- Problem: Exclude the pictures and set down, unaltered, the lines from the one that holds "COVID-19 IgG /" through the end of the data.

- Given records:
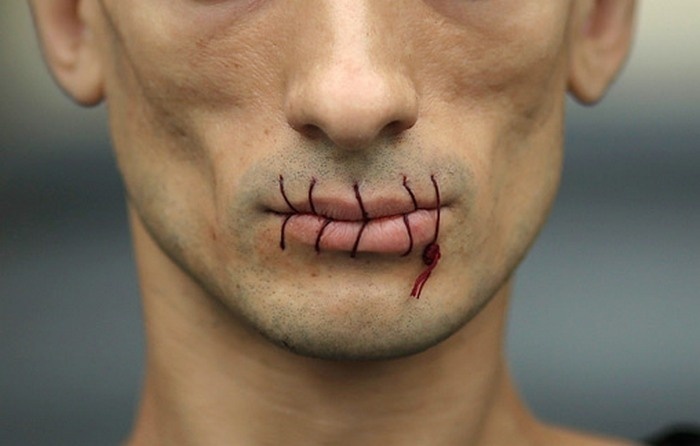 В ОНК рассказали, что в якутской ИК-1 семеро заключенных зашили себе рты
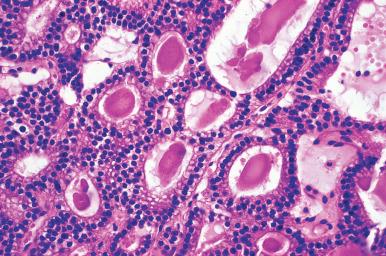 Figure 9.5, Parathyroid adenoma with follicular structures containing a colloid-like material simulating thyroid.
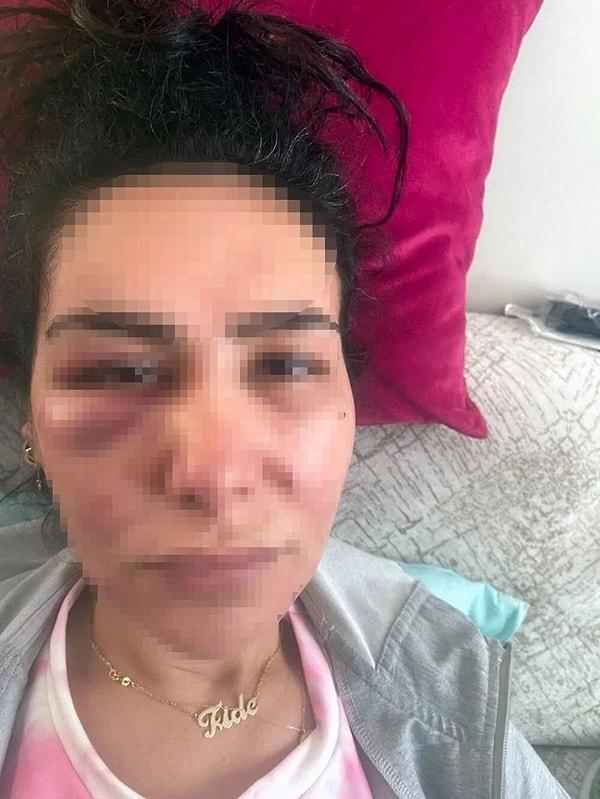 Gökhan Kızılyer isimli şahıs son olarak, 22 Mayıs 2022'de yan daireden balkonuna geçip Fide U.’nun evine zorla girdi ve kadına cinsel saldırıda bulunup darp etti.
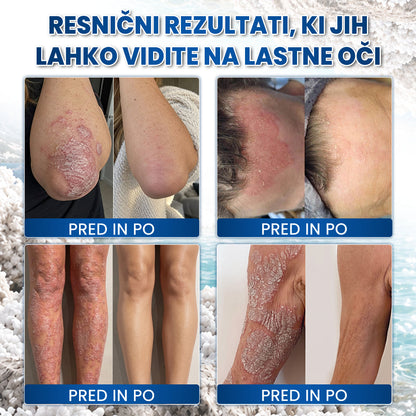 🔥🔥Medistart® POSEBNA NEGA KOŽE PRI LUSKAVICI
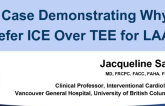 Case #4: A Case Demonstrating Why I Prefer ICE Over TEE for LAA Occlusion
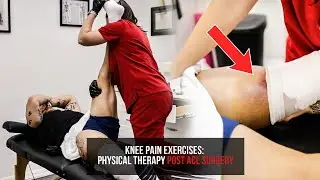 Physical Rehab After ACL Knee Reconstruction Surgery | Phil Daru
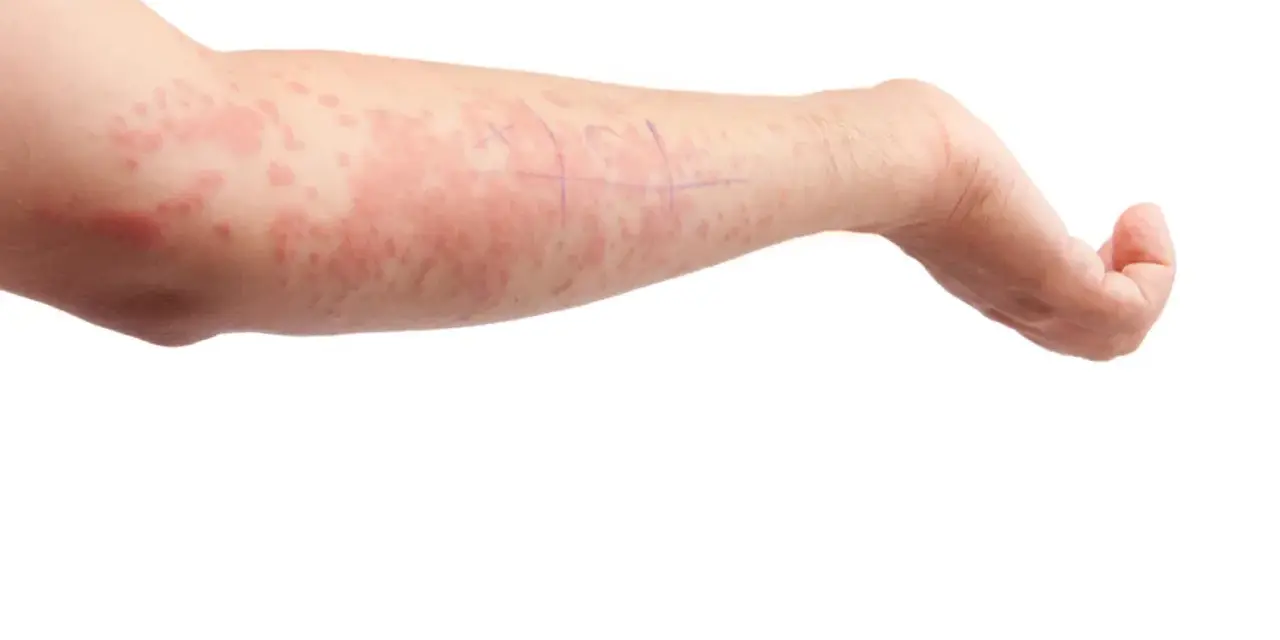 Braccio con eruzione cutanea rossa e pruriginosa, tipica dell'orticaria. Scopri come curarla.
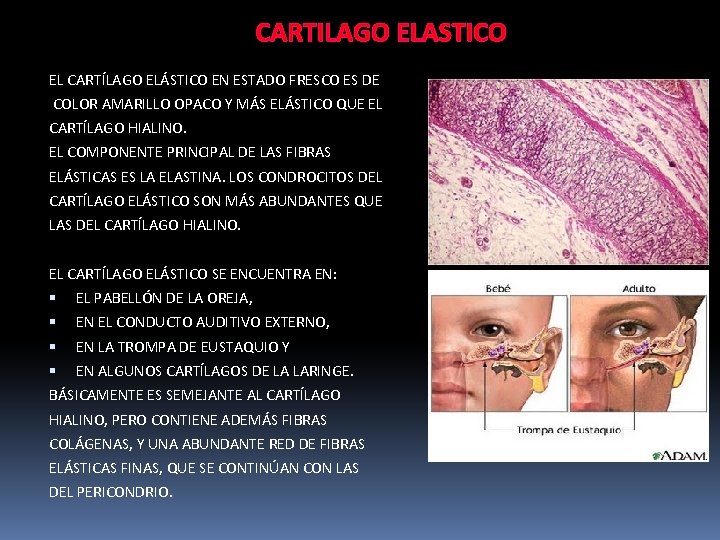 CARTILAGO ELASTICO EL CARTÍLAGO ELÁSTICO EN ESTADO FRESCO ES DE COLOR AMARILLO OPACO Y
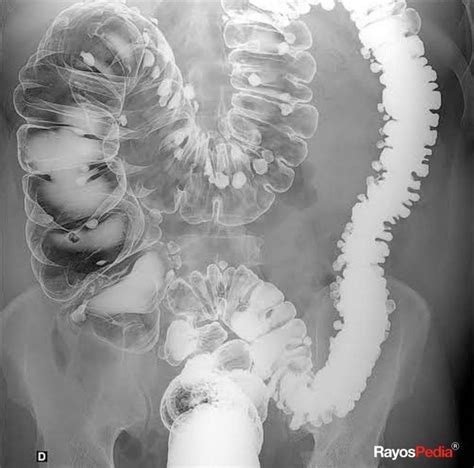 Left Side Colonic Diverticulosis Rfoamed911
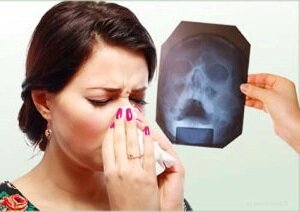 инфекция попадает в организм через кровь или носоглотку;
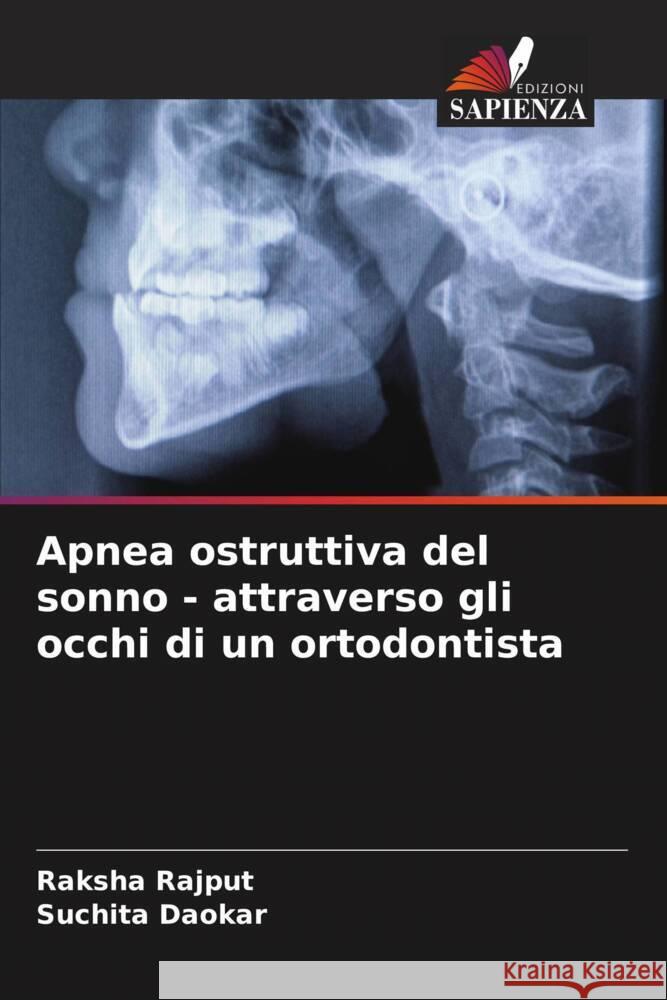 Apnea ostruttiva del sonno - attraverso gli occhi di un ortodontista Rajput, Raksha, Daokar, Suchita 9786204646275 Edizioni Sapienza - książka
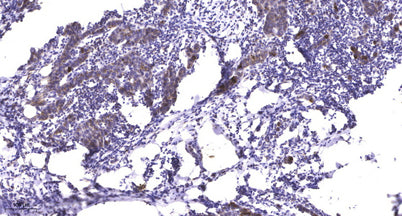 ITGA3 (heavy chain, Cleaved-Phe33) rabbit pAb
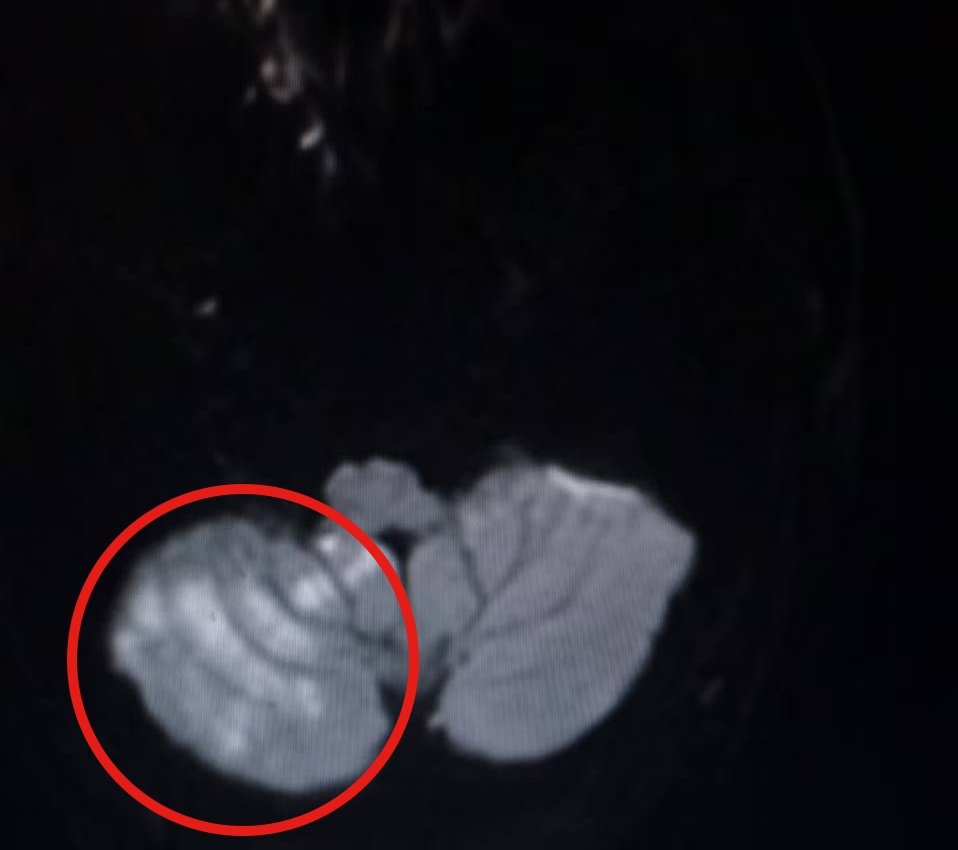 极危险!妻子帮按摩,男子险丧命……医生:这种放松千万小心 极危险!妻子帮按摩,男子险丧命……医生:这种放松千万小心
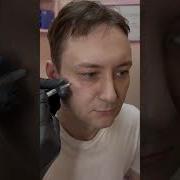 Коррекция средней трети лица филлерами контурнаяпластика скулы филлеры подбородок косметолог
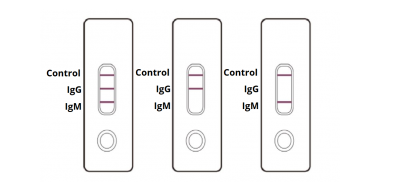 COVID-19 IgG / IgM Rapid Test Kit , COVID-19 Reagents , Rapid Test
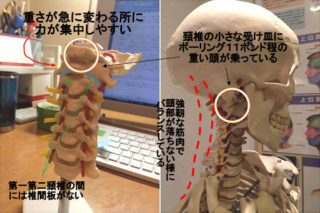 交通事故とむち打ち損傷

- Answer below:
 COVID-19 IgG / IgM Rapid Test Kit , COVID-19 Reagents , Rapid Test
 交通事故とむち打ち損傷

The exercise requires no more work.